With “Medicines from Asia. The art of balance”, the Guimet Museum, in Paris, exposes the link between care and sacred

“Doctor taking the pulse of his patient, by Beato Felice (1832-1909).  Photograph taken from the album “Views and Costumes of Japan” (1877-1880).

The new president of the Guimet Museum, Yannick Lintz, announced as soon as she took office in November 2022: the establishment, which houses the largest collection of Asian art in Europe, must develop new strategies to welcome a public wider and younger than that of regulars. In particular by implementing devices allowing to break with the “passive” visit where one comes to admire works while reading labels.

The exhibition “Medicines from Asia. The art of balance”, illustrates this commitment, with its own title to attract, beyond art lovers, followers of yoga, acupuncture or meditation. From the first room, whose walls have been painted in saffron colour, the visitor is invited to “live a sensory experience” : projected in continuous flux, a flow of light envelops you, symbolizing the vital energies – the meridians – which circulate in the body and whose balance is the fundamental principle of oriental medicine. Further on, in a room in the shape of an alcove plunged into darkness where a statue of Buddha sits enthroned, you will be invited to a practice considered beneficial for your health, breath control through meditation.

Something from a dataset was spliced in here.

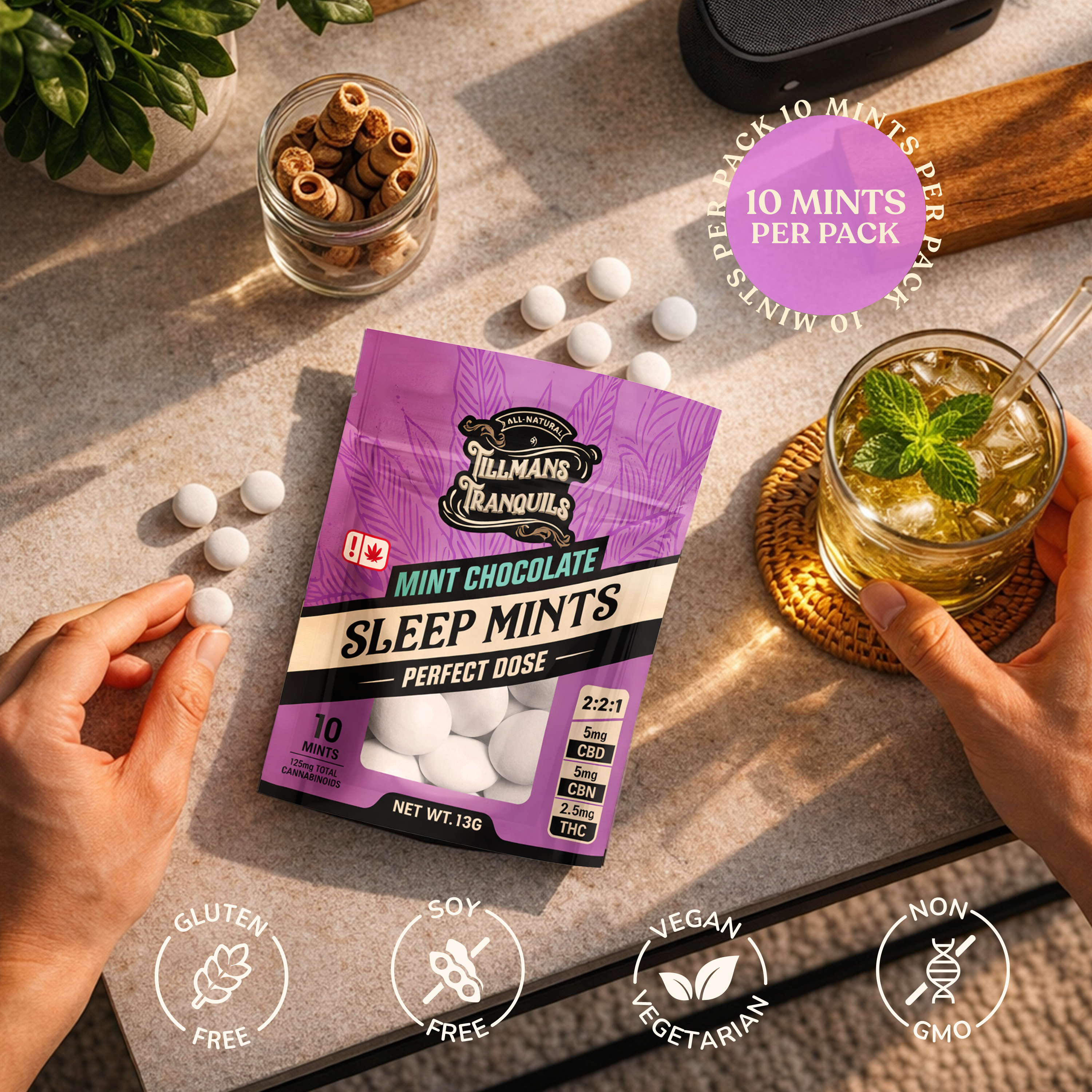 Tillmans Tranquils 2.5mg THC+5mg CBD+5mg CBN Mints | Sleep (10ct)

But the Guimet Museum being an art establishment, it is mainly through paintings, sculptures, prints and precious objects, mostly from its collections, that the subject of the exhibition is approached. It highlights the major common principles on which the medical traditions of the three geographical and cultural areas are based, where care and the sacred are intimately linked.

bronze trident

In India above all, but also in China and Tibet, a whole pantheon of divinities is available to the sufferer to help him treat his skin diseases, his digestive problems, and even smallpox: Mariyammai, one of the most most important in India, is represented on a bronze trident of the Chola period (Xe century) ; another deity, Daka, hollow statuette in copper and gilded brass (Nepal, XVIe-XVIIe century) represented with its mouth open, swallowed the food of the sick to purify it before they consumed it.

Boiled, lacquered and painted cardboard acupuncture mannequin, China, 18th century.

A space designed as an apothecary with its medicine cabinet and jars filled with dried plants or animals, illustrates the different types of care practiced in oriental medicine, from acupuncture to massage and energy techniques (qi gong , tai chi, yoga).